Edward P. O'Brien, Professor of Chemistry at The Pennsylvania State University, will give a seminar titled, "How a novel class of protein misfolding is associated with changes in enzyme activity, proteostasis, aging, and disease."

This seminar will also be available by Zoom.

Zoom link https://gc-cuny.zoom.us/j/99611592897?pwd=gB1rITJuytSxEjCZIKEhpdaepER3u…
Meeting ID: 996 1159 2897.  Passcode: asrc+CCNY

Please note: 

* Full names must be used to be admitted to the Zoom meeting.

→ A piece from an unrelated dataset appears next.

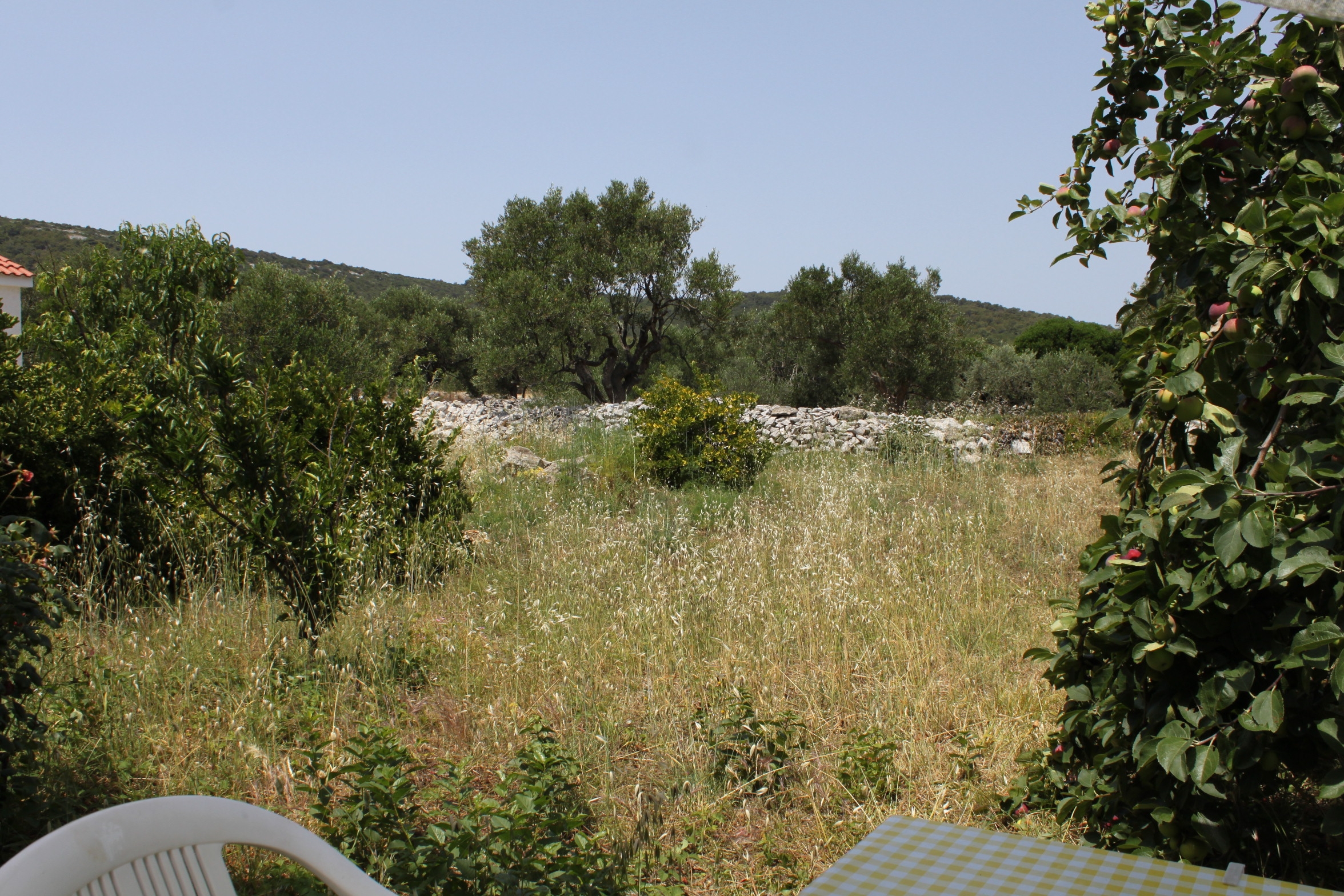 Top Dugi otok Božava Top Dugi otok Božava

* The Zoom meeting will be closed and locked at 12:15 p.m., and no one will be able to enter the meeting after that time.

ABSTRACT

Utilizing simulations, experimental data, and data science, my lab predicted the existence of a previously undiscovered, widespread class of protein misfolding that can result in soluble, loss-of-function states, some of which evade the proteostasis network. This class of misfolding involves structural changes in geometric motifs called non-covalent lasso entanglements, which are found in 70% of the native structures of globular proteins. In this talk, I will synthesize six lines of evidence: (1) proteome-wide and atomistic simulations establish the prevalence and physical plausibility of self-entanglement misfolding; (2) translation-speed changes from synonymous mutations can re-partition folding trajectories into slowly interconverting, near-native entangled ensembles with reduced catalytic efficiency; (3) native-like surfaces coupled to these topological barriers explain how some misfolded states bypass chaperones; that these misfolded states are associated with (4) increased nascent protein degradation through the ubiquitin-proteasome pathway in human fibroblast cells, (5) with structural changes in proteins that occur during yeast mother cell aging, and (6) with a higher likelihood of harboring pathogenic mutations in human diseases. Taken together, simulations and experiments are converging on a unified picture in which entanglement misfolding is common, biologically consequential, and measurable.